3.3.1.  ALTO Cost Calendar for all cost modes

   An ALTO Cost Calendar is well-suited for values encoded in the
   "numerical" mode.  Actually, a Calendar can also represent metrics in
   other modes considered as compatible with time-varying values.  For
   example, types of Cost values such as JSONBool can also be
   calendared, as their value may be 'true' or 'false' depending on
   given time periods or likewise, values represented by strings, such
   as "medium", "high", "low", "blue", "open".
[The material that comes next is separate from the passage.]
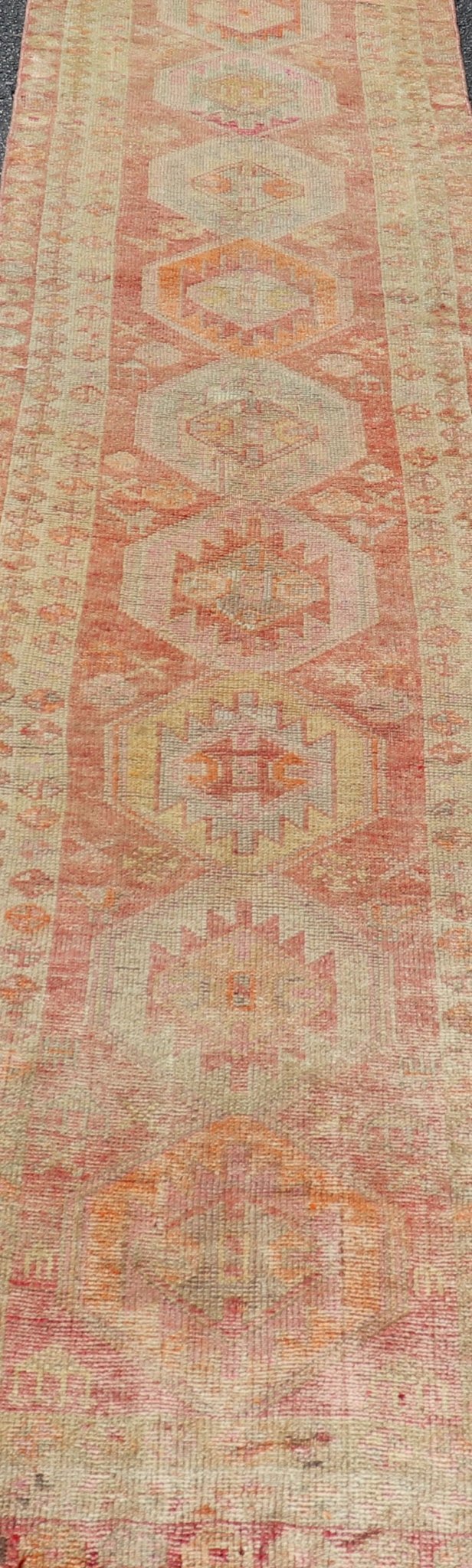 Vintage Long Turkish Oushak Runner with Tribal Medallions in Soft Red. Keivan Woven Arts / rug TU - NED - 4650, country of origin / type: Turkey / Oushak, circa 1950 Measures: 2'6 x 14'0 This vintage Turkish Oushak rug features a multi - medal... - Keivan Woven ArtsTU - NED - 4650 - 23054Rug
   Note also that a Calendar is suitable as well for time-varying
   metrics provided in the "ordinal" mode, if these values are time-
   varying and the ALTO Server provides updates of cost value based
   preferences.

3.3.2.  Compatibility with legacy ALTO Clients

   The ALTO protocol extensions for Cost Calendars have been defined so
   as to ensure that Calendar capable ALTO Servers can provide legacy
   ALTO Clients with legacy information resources as well.  That is, a
   legacy ALTO Client can request resources and receive responses as
   specified in [RFC7285].

   A Calendar-aware ALTO Server MUST implement the base protocol
   specified in [RFC7285].

   As a consequence, when a metric is available as a Calendar array, it
   also MUST be available as a single value as required by [RFC7285].
   The Server, in this case, provides the current value of the metric to
   either Calendar-aware Clients not interested in future or time-based
   values, or Clients implementing [RFC7285] only.
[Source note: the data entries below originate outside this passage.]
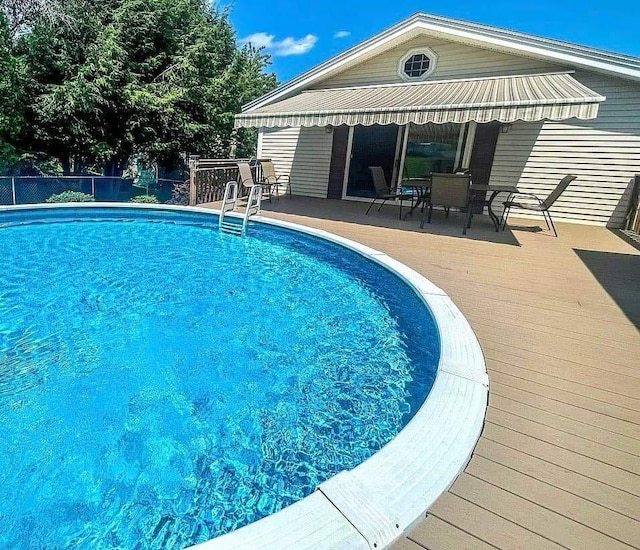 7 Lorraine Ave, Lewiston, ME 04240 - view of swimming pool featuring outdoor dining area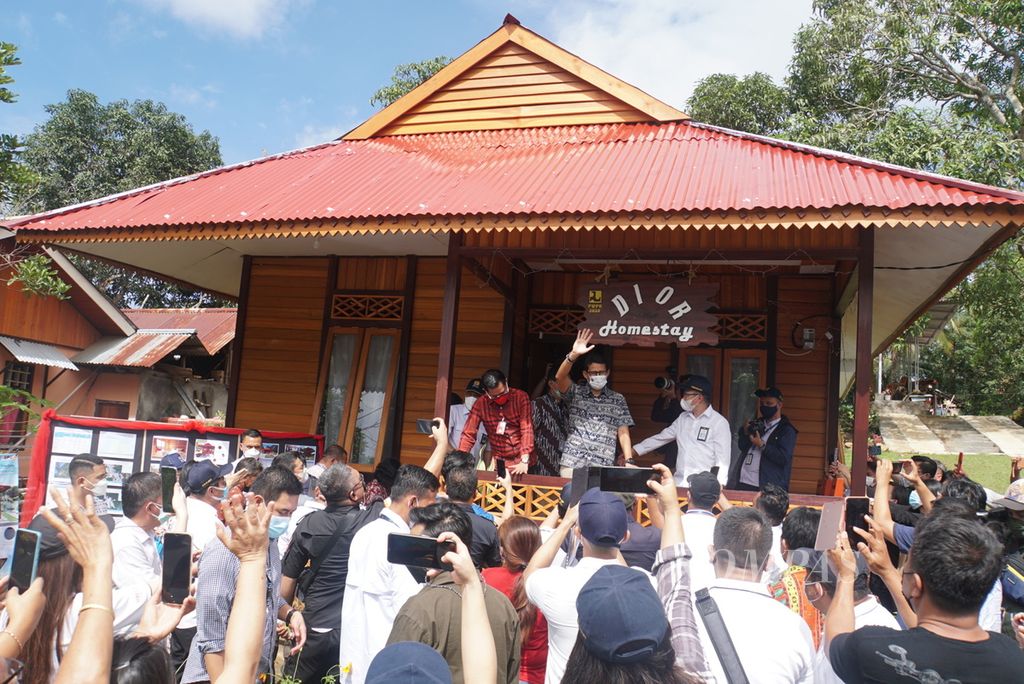 Warga berkumpul untuk melihat Menteri Pariwisata dan Ekonomi Kreatif Sandiaga Uno ketika mengunjungi salah satu rumah singgah milik warga di Desa Marinsow yang masuk area Kawasan Ekonomi Khusus Likupang, Minahasa Utara, Sulawesi Utara, Sabtu (6/3/2021). Sebanyak 211 <i>homestay </i>telah dibangun di tiga desa sekitar KEK Likupang.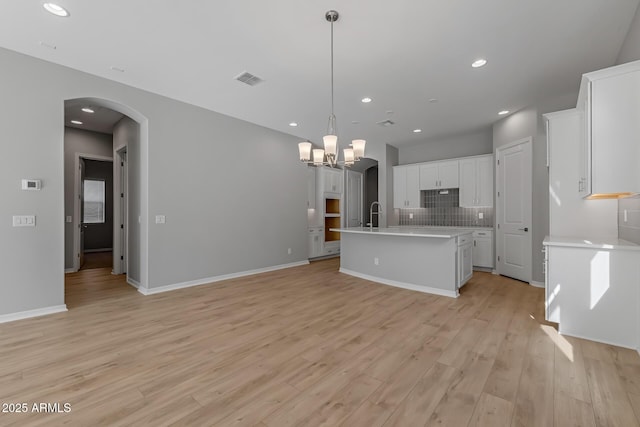 kitchen with a kitchen island with sink, pendant lighting, light hardwood / wood-style floors, decorative backsplash, and white cabinets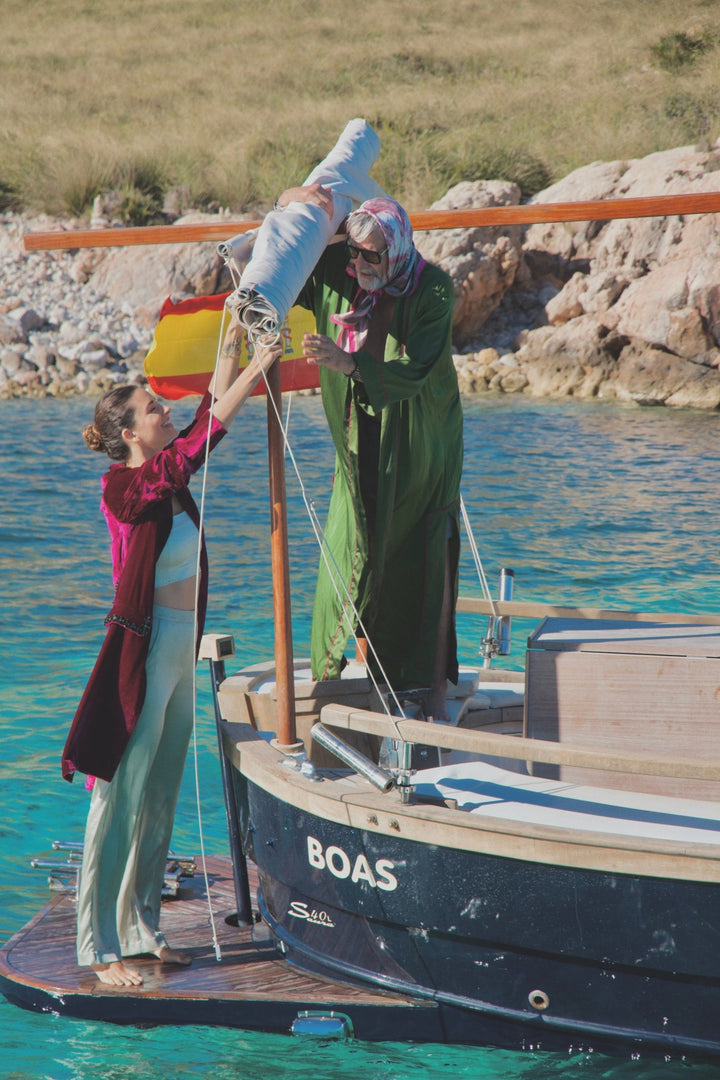 The Dahlia Coat in magenta silk velvet with embroidered trim, on a sailing boat
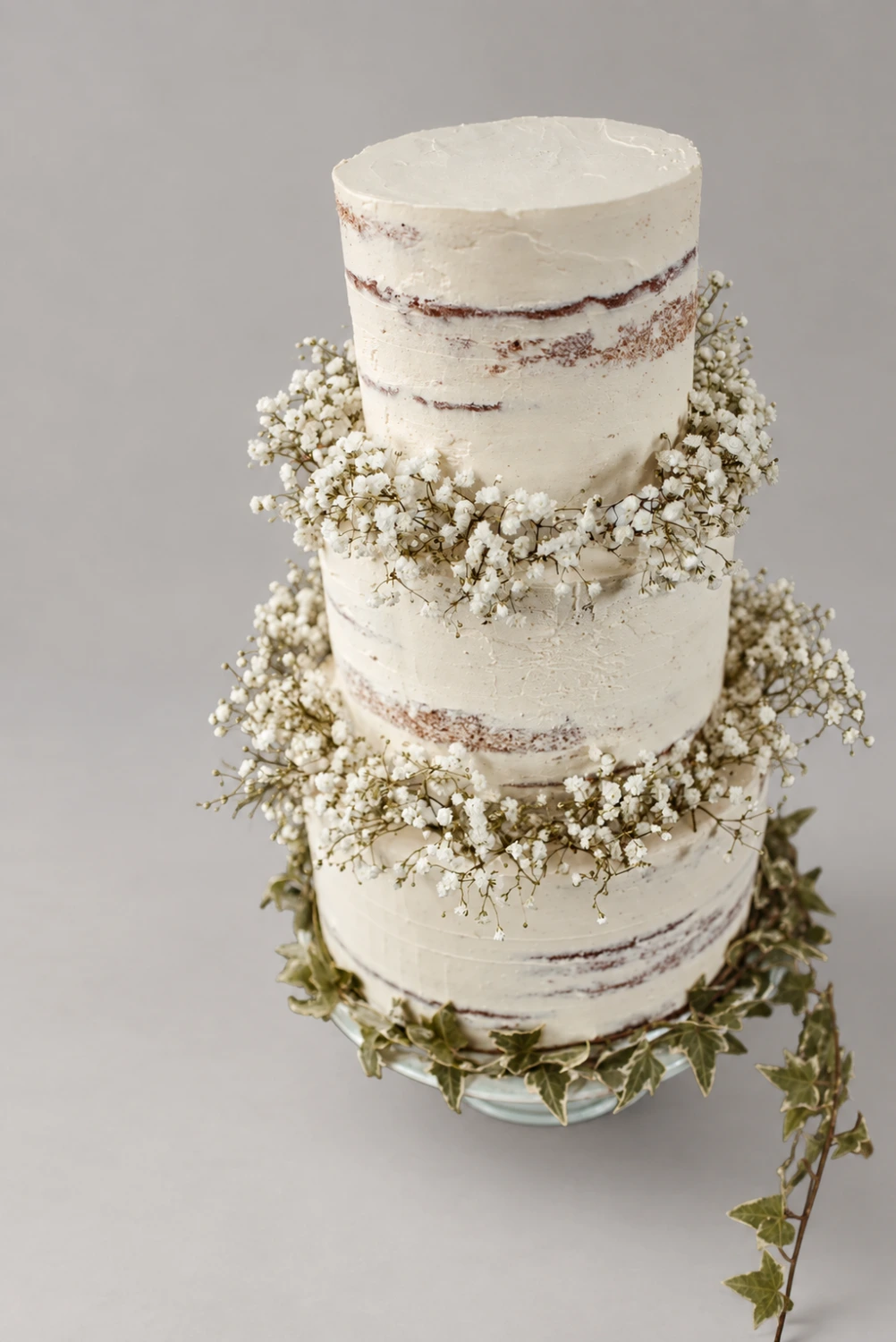 Three-tier semi-naked cake with white gypsophila garlands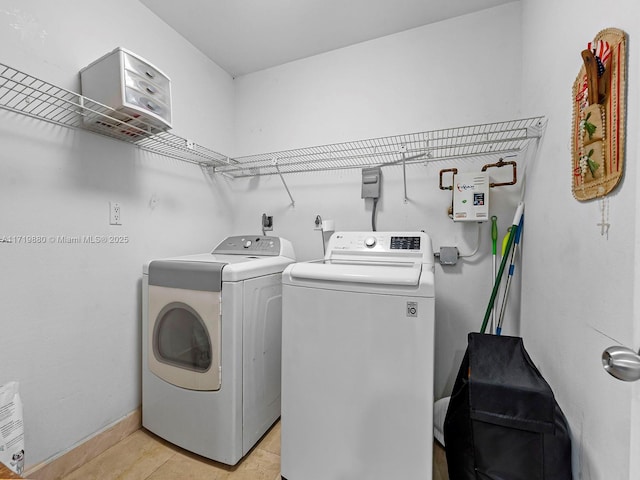 laundry area with washer and dryer and light tile patterned floors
   For compatibility with legacy ALTO Clients specified in [RFC7285],
   calendared information resources are not applicable for full cost
   maps for the following reason: a legacy ALTO Client would receive a
   calendared cost map via an HTTP 'GET' command.  As specified in
   section 8.3.7 of [RFC7285], it will ignore the Calendar Attributes
   indicated in the "meta" of the responses.  Therefore, lacking
   information on Calendar attributes, it will not be able to correctly
   interpret and process the values of the received array of Calendar
   cost values.

Randriamasy, et al.      Expires August 10, 2020                [Page 8]
Internet-Draft             ALTO Cost Calendar              February 2020

   Therefore, calendared information resources MUST be requested via the
   Filtered Cost Map Service or the Endpoint Cost Service, using a POST
   method.

4.  ALTO Calendar specification: IRD extensions

   The Calendar attributes in the IRD information resources capabilities
   carry constant dateless values.  A Calendar is associated with an
   information resource rather than a cost type.  For example, a Server
   can provide a "routingcost" Calendar for the Filtered Cost Map
   Service at a granularity of one day and a "routingcost" Calendar for
   the Endpoint Cost Service at a finer granularity but for a limited
   number of endpoints.  An example IRD with Calendar specific features
   is provided in Section 4.3.

4.1.  Calendar attributes in the IRD resource capabilities

   A Cost Calendar for a given Cost Type MUST be indicated in the IRD by
   an object of type CalendarAttributes.  A CalendarAttribute object is
   represented by the "calendar-attributes" member of a resource entry.
   Each CalendarAttributes object applies to a set of one or more cost
   types.  A Cost Type name MUST appear no more than once in the
   "calendar-attributes" member of a resource entry; multiple
   appearances of a Cost Type name in CalendarAttributes object of the
   "calendar-attributes" member MUST cause the ALTO Client to ignore any
   occurrences of this name beyond the first encountered occurrence.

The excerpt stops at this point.